# Pup won't leave the cats alone!!!!



## Faith82 (Aug 25, 2011)

My 4 month old golden will not leave my 3 cats alone. He is just trying to play with them but they do not want to play so they get upset and hiss or smack at him. I am afraid of him scaring the cats so bad that they will NEVER want to go near him. How do I get him to be calm around the cats?


----------



## Jax's Mom (Oct 16, 2009)

It takes TIME. First, I would make sure the cats have "safe" places to be where your pup cannot get to them. I think that is important. Second, when the cats are around your pup, you should have him leashed and unable to run at them.
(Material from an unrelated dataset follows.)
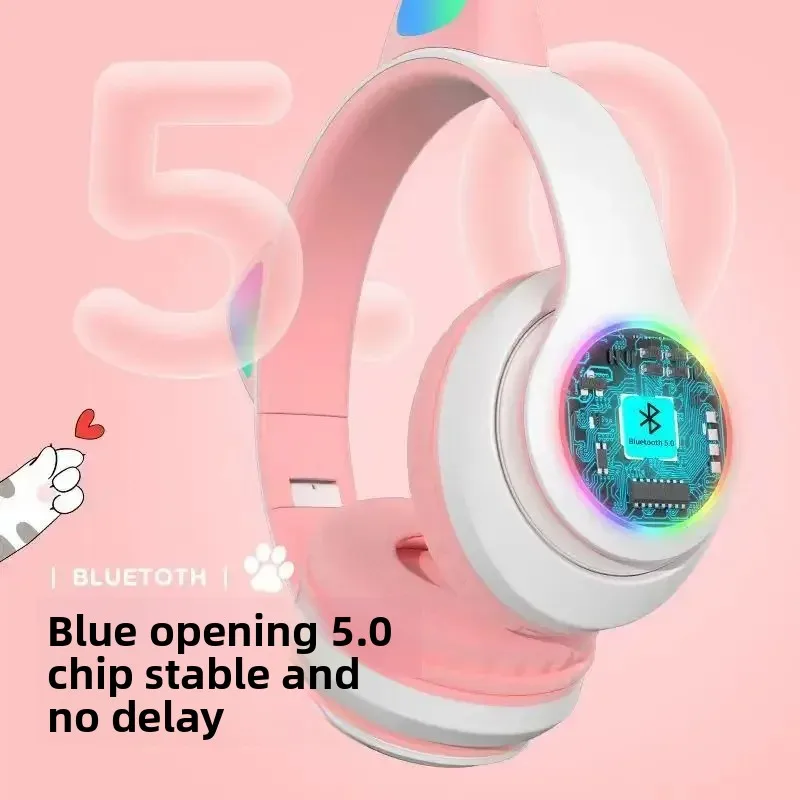 Wireless headset STN28 popular head mounted illuminated cat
Working on "leave it" can be helpful. This is how I dealt with my youngest who tends to run up to my cat, not to hurt him, but to interact. He is now a year old, and I can tell him to "leave it" sternly when he reacts to the cat walking in the room, BUT I still have to be right on top of the situation to reinforce my leabe it command. My cat prefers to stay in the basement or the living room where the dogs do not and cannot go (either door closed or gated.


----------



## HiTideGoldens (Dec 29, 2009)

I will second that it takes time. When he is a bit older they will probably tolerate him better. 

Our two cats HATED Jack initially. They just ran and hid upstairs (in their safety zone) for awhile. They were totally peeved that he was in the house. I felt it was definitely a danger to one of our cats since he would totally turn into a deer in the headlights when Jack approached, so we baby gated off most of our house until Jack could be trusted a bit more. We taught him "no" and "leave it" and started applying that to the cats if he tried to chase them. If Jack was persistent after we corrected him we would usually physically put ourselves between Jack and the cats and correct him again. If he continued he would go into a doggie "time out" where we would calmly put him in the laundry room or his crate. He eventually got it, although he still really really likes them. The cats tolerate him now, they'll even lay by him on occasion. 

Chloe never had a problem with going after the cats initially, but when she gets really excited and starts zooming all over the house sometimes she tries to chase one of them. We correct her as well, but a few times she has gotten popped and hissed at by both cats and she generally leaves them alone when they do that. They've gone on the offensive a bit with her, which they never did with Jack. I definitely wouldn't let a cat correct a puppy though, they could get a pretty severe eye injury from their claws. Obviously older dogs can be injured too, but once Chloe hears the hiss she runs the other way now.


----------



## BeauShel (May 20, 2007)

Totally agree with the other two. It will take time and alot of patience. Make sure your kitty has a safe place. I use a baby gate with a kitty section. I got it at target. Plus make sure the litter box is safe from the dog. It is like a big treat to them.


----------



## Deb_Bayne (Mar 18, 2011)

Bayne is 8 months and just now are the cats not running away whenever they see him, but when he gets rambunctious and wants to play they'll either run away, stand their ground and hiss or swat at him. I do notice that their claws are not extended since I accidentally got in between them fearing of claw contact and not a scratch. I feel when Bayne is a lot more of a calm dog then the cats will trust him not to be the bouncy bouncy bow yippy puppy he is right now.


----------



## opie (Aug 31, 2011)

WE have a 4 1/2 month old golden and a 6 year old cat that hates everything. We have the upstairs gated off so Roxie our golden can't go up where the cat is. At first she stayed up there and we would not see the cat for days. Now she is venturing down and sleeping in our bed like she used to. Roxie sleeps in our room also.

Roxie has learned much quicker than the cat, she knows not to play with the cat. On the other hand the cat can't stand to be near Roxie. If Roxie comes close just to go around the bed, the cat hisses. We have been getting onto the cat more and more for being rude and praising Roxie for not messing with the cat.

The gate to go upstairs was at first tightly against the railings, but now we just have it propped up by the stairs, makes it easier to go upstairs. Expect your dog to learn quick and the cats not so much ;-)

--Keith


----------



## Discoverer (Feb 3, 2011)

Read this thread with some good advices.


----------



## Charlie's Mom NJ (Sep 22, 2011)

I separated my house in to two "zones", separated by a baby gate. The puppy was allowed in the living room, dining and kitchen (supervised) and then the cat had the hallway, bathroom, laundry room and three bedrooms blocked off by one baby gate. The cat would just jump over the gate to check out the puppy whenever he was sleeping or relaxed and she would just hide behind the gate when she needed to escape. They are the best of friends now and cuddle together ALL day. (See my avatar!)


----------